Cook the onion and carrot in a little olive oil in a cast-iron pan until the onion has softened. Add the pieces of beef, stir and allow to brown slightly. Add the garlic, juniper berries, peppercorns and Cartagène and stir again. Cover the meat with the red wine and add the herbs and salt. Bring to the boil and simmer for 3 hours, checking occasionally that there is enough liquid and adding the olives after about 2 hours. 10 minutes before serving mix the flour with a little of the liquid from the casserole then add the paste back to the pan to thicken it.  Serve garnished with the chopped parsley, with rice or, as we ate it for lunch today, with potatoes mashed with olives and garlic.  Guaranteed to warm on a winter’s day!

beef + red wine-2

Cooking pots on the street


Spotted outside a shop in Pézenas today: a traditional Provençal daubière and some Moroccan-inspired tagines, a couple of bowls and some jam funnels.  The daubière is used for making the slow-cooked dish of beef, vegetables, red wine, garlic and herbs known as la daube.

In literature, this dish is associated for me with Mrs Ramsay and her dinner party in Virginia Woolf’s To the Lighthouse, although of course Mrs Ramsay didn’t prepare it herself. “The cook had spent three days over that dish”, we’re told, while Mrs Ramsay takes the credit for the fact that it is “a triumph”. “It is a French recipe of my grandmother’s”, she says.
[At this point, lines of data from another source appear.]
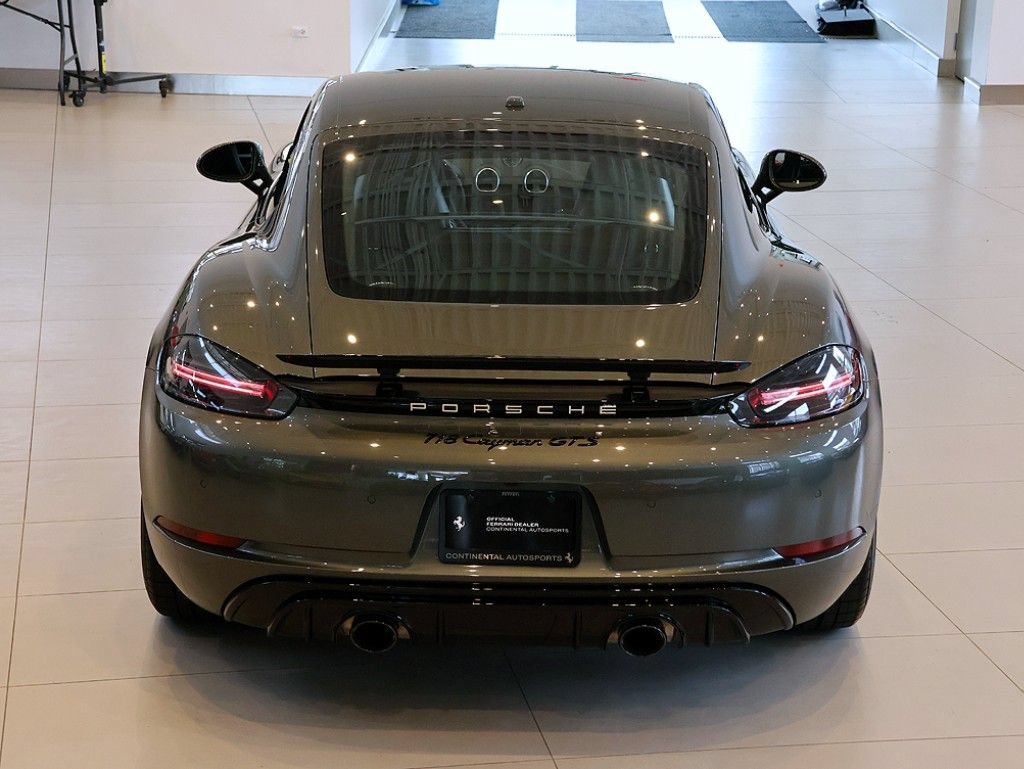 Used 2025 Porsche 718 Cayman GTS RWD image 19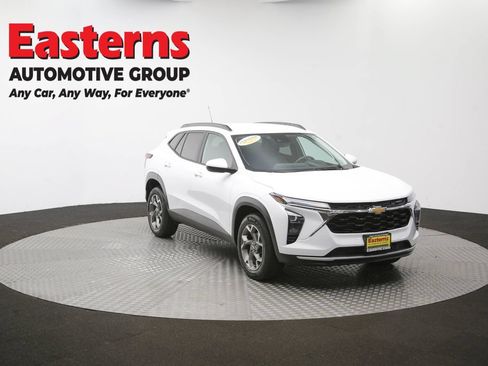 Used 2025 Chevrolet Trax LT FWD image 50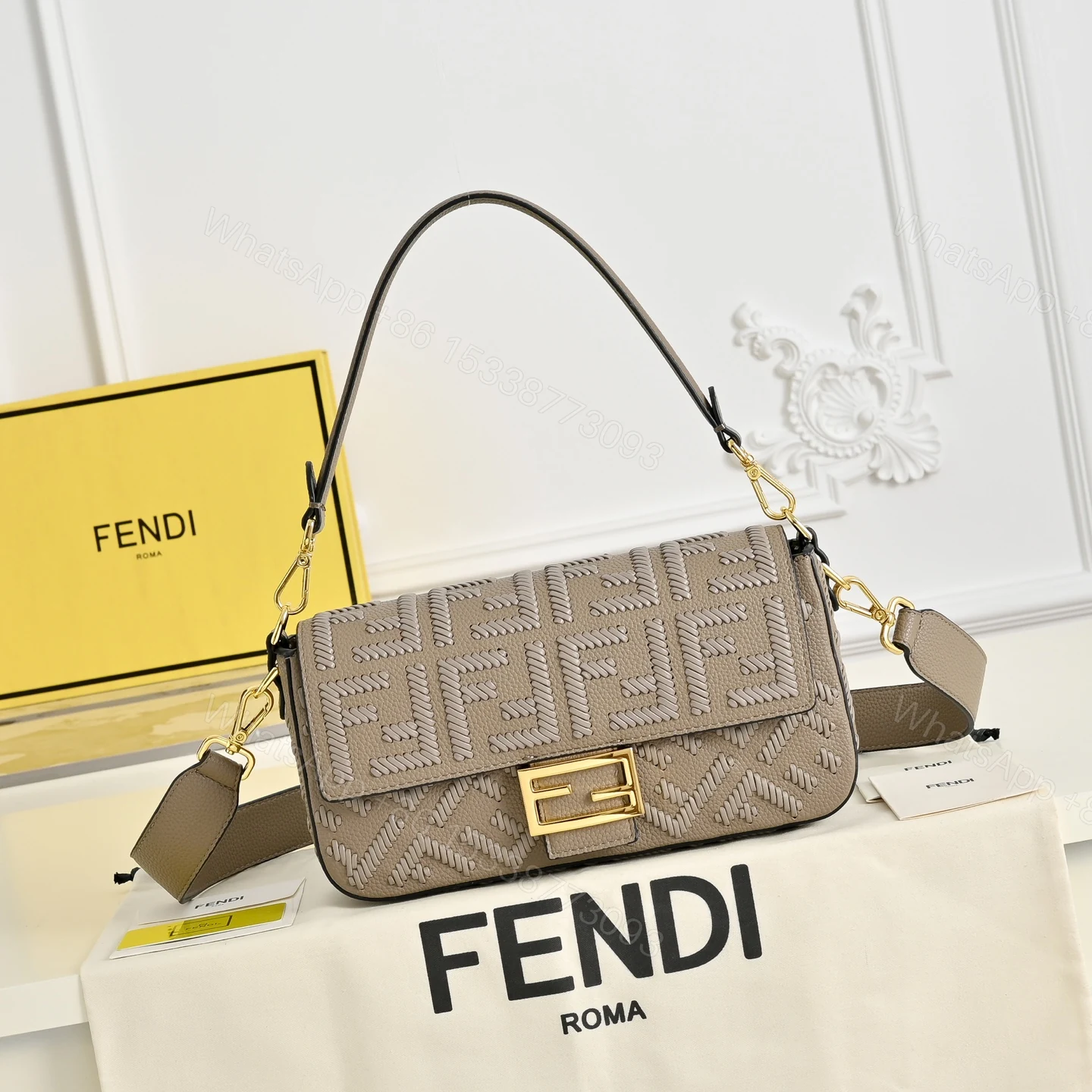 Fendi高仿FF壓紋皮革Baguette法棍包 高級質感單肩包 灰色 — view 1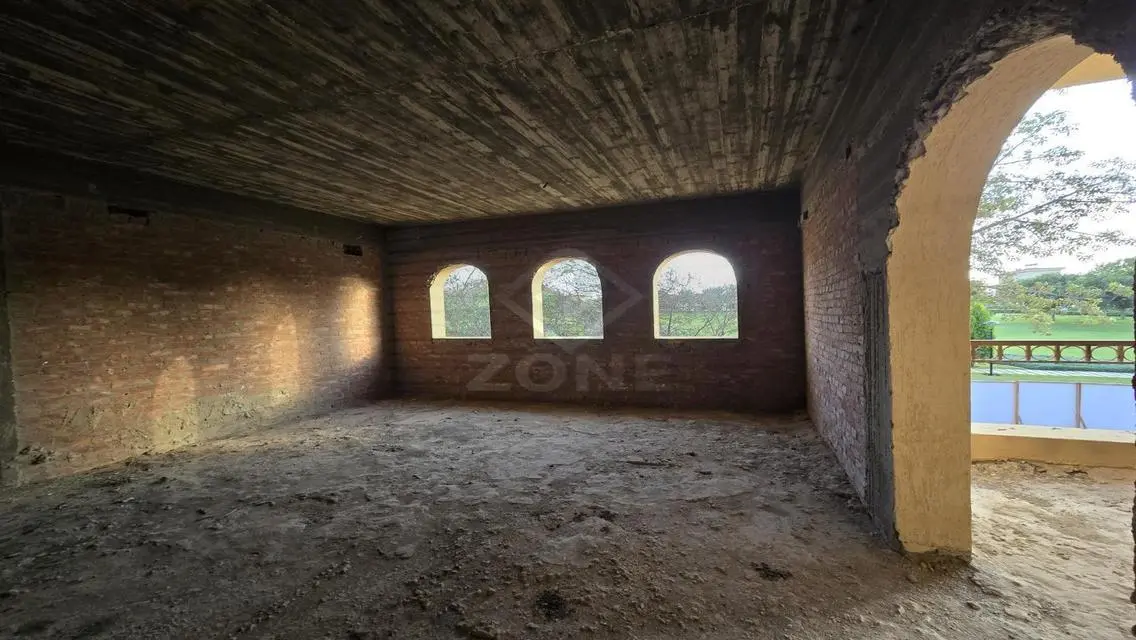 Luxury House for Sale with Full Amenities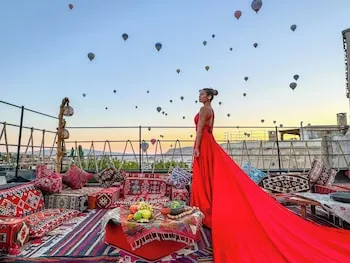 Nomads Cave Hotel & Rooftop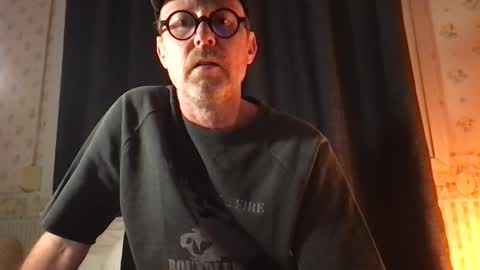Snapshot of arn7169 chatting on 06/08/26, 04:18 Arn online show from 06/08/26, 04:18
And sure enough, when I googled boeuf en daube others too had published la recette de ma grandmère.

Elizabeth David gives a good, if rather complicated recipe in Mediterranean Food for those of us whose grandmothers didn’t make it (my maternal grandmother was a vegetarian so she certainly didn’t).  She cooks the marinade first before adding it to the meat the day before cooking.  I would just add red wine, bay leaves, sprigs of thyme, peppercorns and garlic to the meat and leave it overnight. Next day add sliced carrots and onions and some more wine and cook for 2 1/2 to 3 hours. As Elizabeth David says, “This dish has a really beautiful southern smell and appearance.”

There are as many recipes for tagine as there are pots to cook them in, but my version of lamb and olive tagine is on the Food from the Mediterranean blog – here.

Breaking the rules

As I’ve said before and discussed more fully when this blog was in its other place a few years ago, I don’t believe that beef production is sustainable.  Unlike lamb, pork and poultry production, for example, which can be beneficial and necessary to the agricultural cycle (although I know it isn’t always), raising beef cattle is too wasteful of the earth’s resources to be acceptable.  So I don’t eat beef very often…..but rules are there to be broken and when the weather is as cold as it is now there is nothing like a beef casserole for providing much needed warmth.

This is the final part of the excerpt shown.